Crafting Excel files for version control
A major problem when developing macros is version control. Office files are usually zip containers, so adding them in binary would prevent any sane way of diffing. Extracting and re-zipping the project would be the way to go, if macros weren't binary encoded in a separate container using a special format called OLE. There are some OLE macro extractors like decalage2's oletools out there, but strangely I didn't find any library to create these containers the easy way.
Instead of reading the specification and creating our own library, we may try something else first: we can control Excel (or any other Office application) using .NET and let Excel do all the hard work for us. Using this approach, we need our macros' code in plain-text files, and an importer, which starts Excel and imports our macros.

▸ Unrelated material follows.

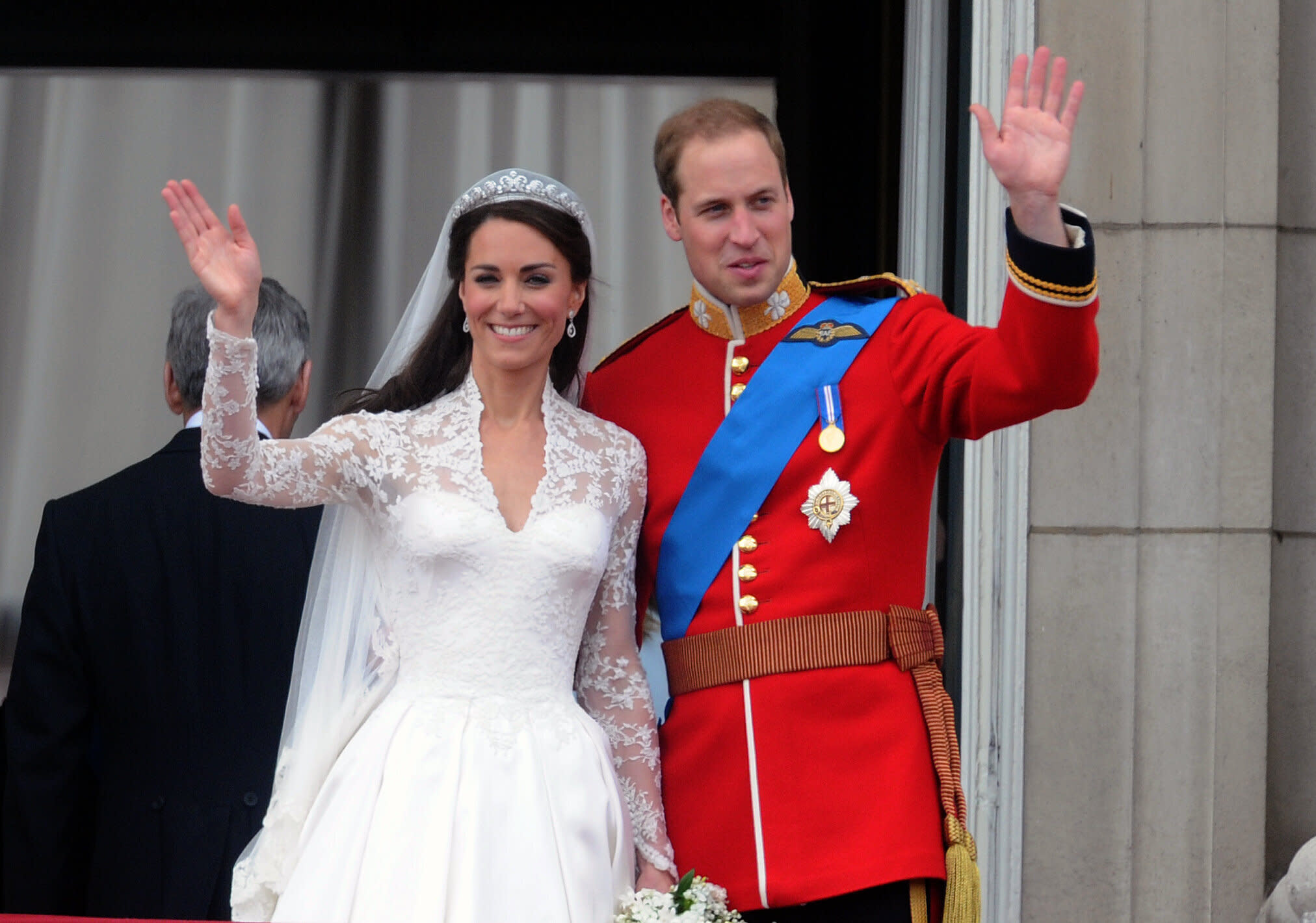 Kate and William thank fans for anniversary  wishes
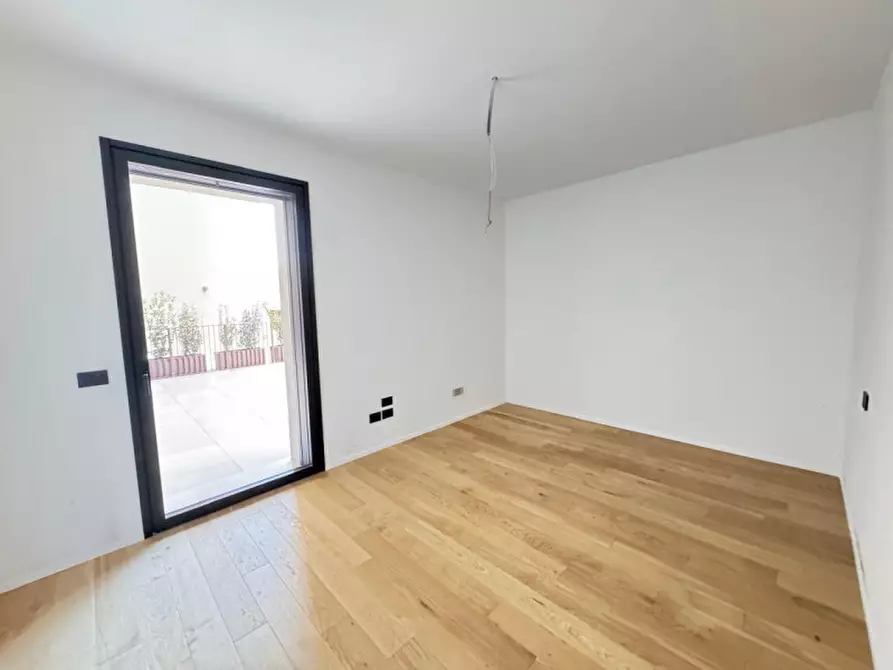 Immagine 8 di Appartamento in vendita  in Via Alceste Torselli a Treviso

We'll be using PowerShell for this, which comes with full access to the .NET framework and because we don't have to compile these scripts.
In PowerShell, we can create an Excel instance, which we can then use to create workbooks and import our macros. You can take a look at the build script build.ps1 in the repository.
Escaping interop hell - using Windows Sockets in VBA
After we got our version control problems out of our way, we can get straight to the core of creating our server. As mentioned earlier, building a webserver requires handling TCP connections. The bad news is, VBA doesn't come with a TCP implementation by default and I can't really think of a reason why it should. But don't worry, Microsoft thought of somebody needing questionable features, so they baked C interop into VBA as well.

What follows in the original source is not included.